MAGPIE: a game-based, virtual fighter aircraft maintenance training

A trainer that is currently being adapted for the F-15E Strike Eagle.

Scientists developing game-based, virtual fighter aircraft maintenance training
The Air Force SBIR/STTR Program supported development of a virtual aircraft maintenance trainer that is currently being adapted for the F-15E Strike Eagle. (U.S. Air Force photo/2nd Lt. Mitchell Lichtenwald)

A Massachusetts-based company is building a virtual aircraft maintenance trainer for the Air Force that would allow for larger class sizes and troubleshooting scenarios that are difficult to present in a traditional live setting.

Scientists named it as MAGPIE – which stands for Maintenance Training Based on an Adaptive Game-based Environment Using a Pedagogic Interpretation Engine. It will be a mix of wise coaching, amusement based virtual preparing and instinctive situation altering. Up to 20 understudies will have the capacity to be on the framework immediately.

With help from the Air Force Small Business Innovation Research/Small Business Technology Transfer Program, Charles River Analytics built up the fundamental programming and is refining it to give upkeep preparing to the F-15E Strike Eagle. The innovation consolidates high-determination designs with mechanized framework criticism to show complex upkeep systems. The organization is in the beginning periods of a two-year push to progress the innovation and the desires are that it will, in the long run, be appropriate to an airship.

Conventional support preparing routinely costs the administration as far as labor, upkeep, and updates, while being restricted to the static substance that does not address the requirements of learners with shifted aptitudes. Classes are ordinarily restricted to less than 10 understudies for every educator with access to just a solitary airship close to the flight line.

To hone a method, understudies alternate as the educator painstakingly sees keeping in mind the end goal to anticipate cataclysmic mix-ups that could harm the hardware. Notwithstanding understudies investing long stretches of energy watching each other, as opposed to executing methods, this setting makes it hard to delineate wide investigating situations.

By giving a virtual support mentor—even only for recognition preparing—educators can oversee more understudies, understudies can play out the strategies in parallel, and the framework can screen and address potential blunders without the worry for expensive framework harm.

Working with the Air Force Research Laboratory, Charles River Analytics collaborated with the Instructional Technology Unit at Sheppard Air Force Base in Texas to comprehend its requirements for virtual support preparing on the F-15E.
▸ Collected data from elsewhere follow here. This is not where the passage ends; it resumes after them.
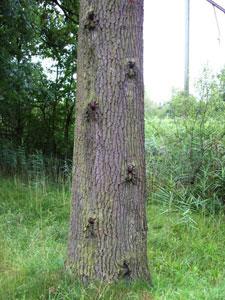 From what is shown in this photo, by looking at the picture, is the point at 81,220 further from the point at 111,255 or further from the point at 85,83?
the point at 85,83

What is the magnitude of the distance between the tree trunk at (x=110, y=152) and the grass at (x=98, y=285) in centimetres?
17

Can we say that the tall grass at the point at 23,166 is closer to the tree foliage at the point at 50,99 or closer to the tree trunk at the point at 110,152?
the tree foliage at the point at 50,99

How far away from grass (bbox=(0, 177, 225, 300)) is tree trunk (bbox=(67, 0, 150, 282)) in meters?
0.17

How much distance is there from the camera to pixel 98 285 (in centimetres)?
209

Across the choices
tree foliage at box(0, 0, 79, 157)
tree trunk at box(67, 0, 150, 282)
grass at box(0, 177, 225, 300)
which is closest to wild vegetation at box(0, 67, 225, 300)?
grass at box(0, 177, 225, 300)

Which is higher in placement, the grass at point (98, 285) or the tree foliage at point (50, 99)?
the tree foliage at point (50, 99)

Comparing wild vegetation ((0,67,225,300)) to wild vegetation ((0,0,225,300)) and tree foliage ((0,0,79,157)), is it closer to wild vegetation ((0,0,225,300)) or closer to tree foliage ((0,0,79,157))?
wild vegetation ((0,0,225,300))

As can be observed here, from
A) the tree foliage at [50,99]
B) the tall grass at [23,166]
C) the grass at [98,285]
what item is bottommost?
the grass at [98,285]

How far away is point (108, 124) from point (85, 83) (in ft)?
1.18

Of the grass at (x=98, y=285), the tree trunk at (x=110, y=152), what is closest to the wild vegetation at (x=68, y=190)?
the grass at (x=98, y=285)

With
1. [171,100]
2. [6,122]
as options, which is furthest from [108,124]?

Understudies utilizing MAGPIE will likewise get the chance to see things break, which is something that can’t without much of a stretch be recreated in live preparing, as indicated by Sean Guarino, a foremost researcher at Charles River Analytics. The framework incorporates a wise mentoring system that distinguishes understudies who require the most teacher help, and perceives and describes mistakes so understudies can concentrate on their individual adapting needs. Furthermore, the framework will incorporate a suite of creating apparatuses for course architects and educators to promptly expand as well as revamp preparing substance to enhance situations.

The effective finish of the underlying Air Force SBIR/STTR venture incorporated a model of MAGPIE. At the point when the change for the F-15 is finished, the organization hopes to have a full-scope astute virtual upkeep preparing apparatus that can be promptly adjusted to any vehicle or flying machine.

Achieving that point of reference will open an extensive variety of chances over the Department of Defense and business industry. Commercialization achievement, for example, that, is a basic benchmark for members in the Air Force SBIR/STTR Program as it cuts down expenses and gets innovation to the warfighter while fortifying the economy through private company development.

Mitchell Lichtenwald, a program lead in AFRL’s Airman Systems Directorate said, “This three-party collaboration is key in making progress toward something that has never before been accomplished in the maintenance field.”

“Currently, you have to go to the flight line to actually teach something like this. This new effort is really about helping the warfighter to train better.”